## GIVEN RECORDS
*** Block opens ***

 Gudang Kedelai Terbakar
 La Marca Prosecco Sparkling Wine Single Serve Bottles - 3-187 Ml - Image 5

*** Block closes ***
*** Block opens ***

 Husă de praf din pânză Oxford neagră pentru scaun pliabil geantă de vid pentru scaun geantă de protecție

*** Block closes ***

## TASK OBJECTIVE
Print the lines above from the one with "Gudang Kedelai Terbakar" through the one with "La Marca Prosecco", both included, exactly as written and nothing more.

## EXERCISE ANSWER
 Gudang Kedelai Terbakar
 La Marca Prosecco Sparkling Wine Single Serve Bottles - 3-187 Ml - Image 5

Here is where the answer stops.